У железной калитки проверяет билеты отряд моряков в чёрных бушлатах, затянутых крест-накрест пулемётными лентами. Я вхожу в погребённый под сугробами снега небольшой сквер Таврического дворца. По широкой каменной лестнице мимо прямых беломраморных колонн прохожу в просторный вестибюль, раздеваюсь и по старинным извилистым коридорам, пахнущим свежей краской, направляюсь в комиссию по выборам в Учредительное собрание, где мне выдают подписанный Урицким продолговатый билет из тонкого зеленого картона с надписью: „Член Учредительного собрания от Петроградской губернии“.
Громадные залы дворца наполняются депутатами. Рабочие и работницы, пришедшие по билетам для публики, заранее занимают места на хорах.
В одном из больших залов собираются члены фракции большевиков. Здесь встречаю членов ЦК Сталина и Свердлова. <…>
В ватном пальто с барашковым воротником и в круглой меховой шапке с наушниками быстрой походкой входит Ленин. На ходу раскланиваясь и торопливо пожимая руки, он застенчиво пробирается на своё место, снимает пальто и осторожно вешает его на спинку стула.
От зимнего солнца и ослепительно сверкающих за окнами мягких сугробов снега в комнате необычно светло.
Яков Михайлович Свердлов в чёрной лоснящейся кожаной куртке, положив на стол теплую меховую шапку, открывает заседание фракции…»
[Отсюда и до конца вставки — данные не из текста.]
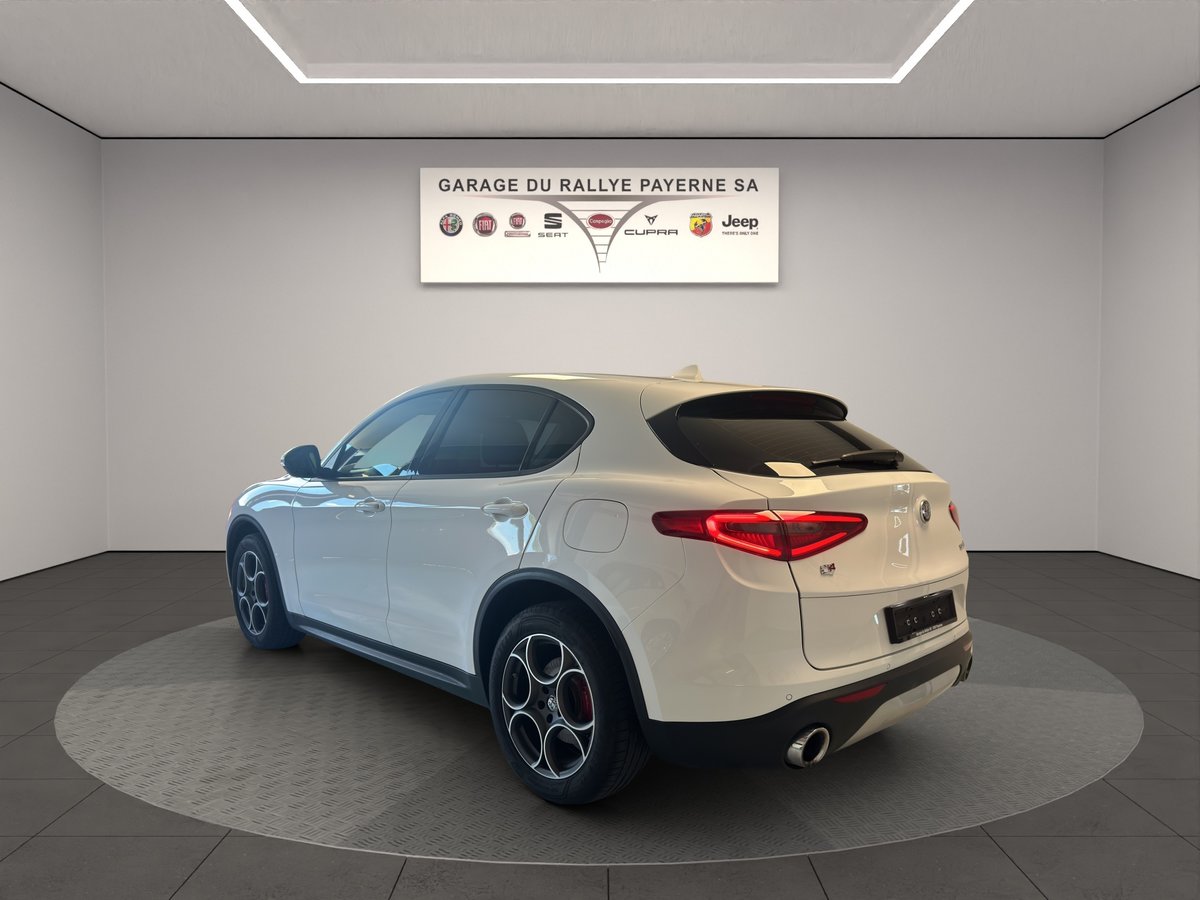 ALFA ROMEO Stelvio 2.0 Q4 Automatic, Essence, Occasion / Utilisé, Automatique - 3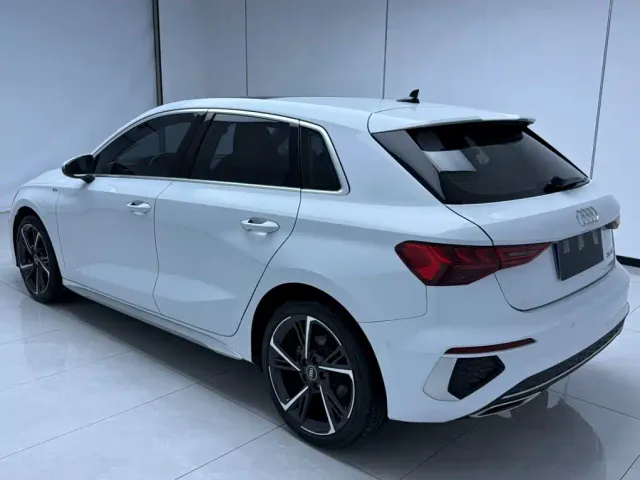 Audi A3 — Фото автомобиля 6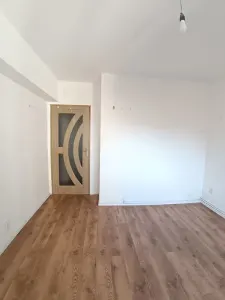 Apartment 3 camere Racadau, intermediar, Brasov - Brasov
Рассказ Фёдора Раскольникова, как видим, старается тщательно следовать исторической правде, придерживаясь не только хроники революционных событий, но и достоверности описания предметов быта и одежды. Речь в рассказе идёт о проведении Учредительного собрания, которое большевики считали целесообразным распустить и не томить зря караул. Иначе эта депутатская «болтология» может длиться до бесконечности, о чём рассказывает Раскольников:
«Старчески трясущейся рукой Швецов берётся за колокольчик и неуверенно трясёт им. Эсеры хотели открыть Учредительное собрание независимо от Советской власти. Напротив, нам было важно подчеркнуть, что Учредительное собрание открывается не путём самопроизвольного зачатия, а волею ВЦИКа, который отнюдь не намерен передавать „учредилке“ свои права хозяина Советской страны.
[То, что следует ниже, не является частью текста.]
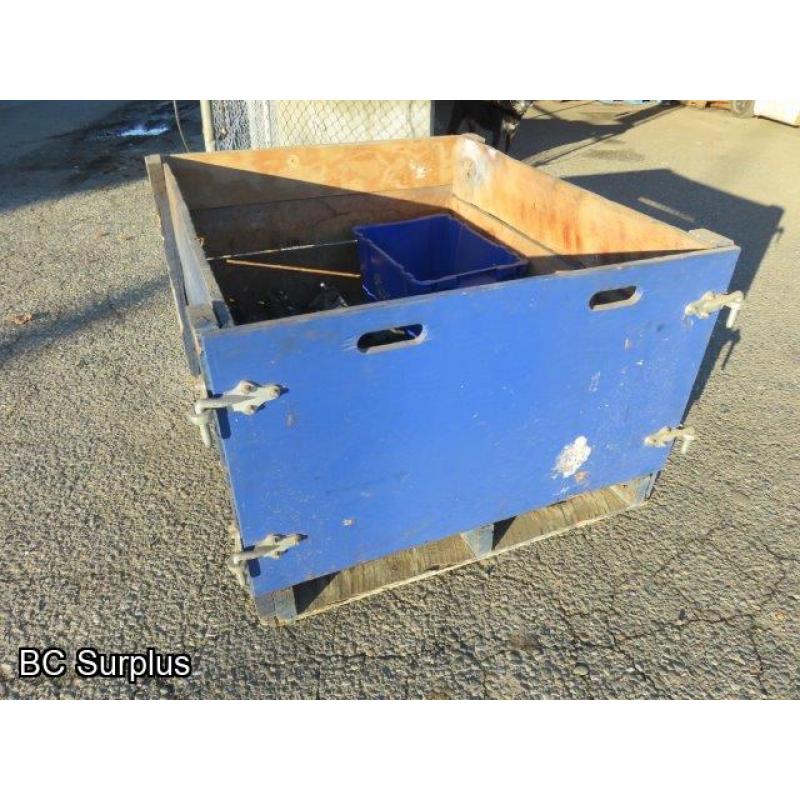 R-580: Heavy Duty Wooden Shipping Pallet – Blue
Видя, что Швецов всерьёз собирается открыть заседание, мы начинаем бешеную обструкцию: кричим, свистим, топаем ногами, стучим кулаками по тонким деревянным пюпитрам. Когда все это не помогает, мы вскакиваем со своих мест и с криком „долой!“ кидаемся к председательской трибуне. Правые эсеры бросаются на защиту старейшего. На паркетных ступеньках трибуны происходит лёгкая рукопашная схватка. Швецов растерянно звонит в колокольчик и беззвучно, беспомощно шевелит бледными трясущимися губами. Своим шумом мы заглушаем его слабый старческий голос. Вдруг рядом с осанистым рыхлым Швецовым на председательском возвышении вырастает узкоплечий и худощавый Свердлов в чёрной кожаной куртке. С властной уверенностью берёт он из рук оторопевшего старца светлый никелированный колокольчик и осторожным, но твёрдым жестом хладнокровно отстраняет Швецова.
Неистовый шум, крики, протесты, стук кулаков по пюпитрам несутся со скамей взволнованных эсеров и меньшевиков. Но Свердлов, как мраморный монумент, с невозмутимым спокойствием застыл на трибуне и с вызывающей насмешкой глядит на противников сквозь крупные овальные стёкла пенсне. Он хладнокровно звонит в колокольчик и делает широкий повелительный жест худой волосатой рукой, безмолвно призывая собрание восстановить тишину. Когда постепенно шум смолкает, Свердлов с необыкновенным достоинством, громкой и внятной октавой на весь зал возглашает:
— Исполнительный комитет Советов рабочих и крестьянских депутатов поручил мне открыть заседание Учредительного собрания. <…>
На правых скамьях кто-то хихикнул. Яков Михайлович, смерив его уничтожающим, презрительным взглядом, повышает голос:
— Мы не сомневаемся, что искры нашего пожара разлетятся по всему миру, и недалёк тот день, когда трудящиеся классы всех стран восстанут против своих эксплуататоров так же, как в Октябре восстал российский рабочий класс и следом за ним российское крестьянство!
Как видим, в холодную полудокументальную казённую публицистику вдруг врывается яркая, образная, почти поэтическая метафора, выдающая в Раскольникове, за прячущимся революционером, флотоводцем и дипломатом, самого что ни на есть настоящего писателя, мастера художественного слова.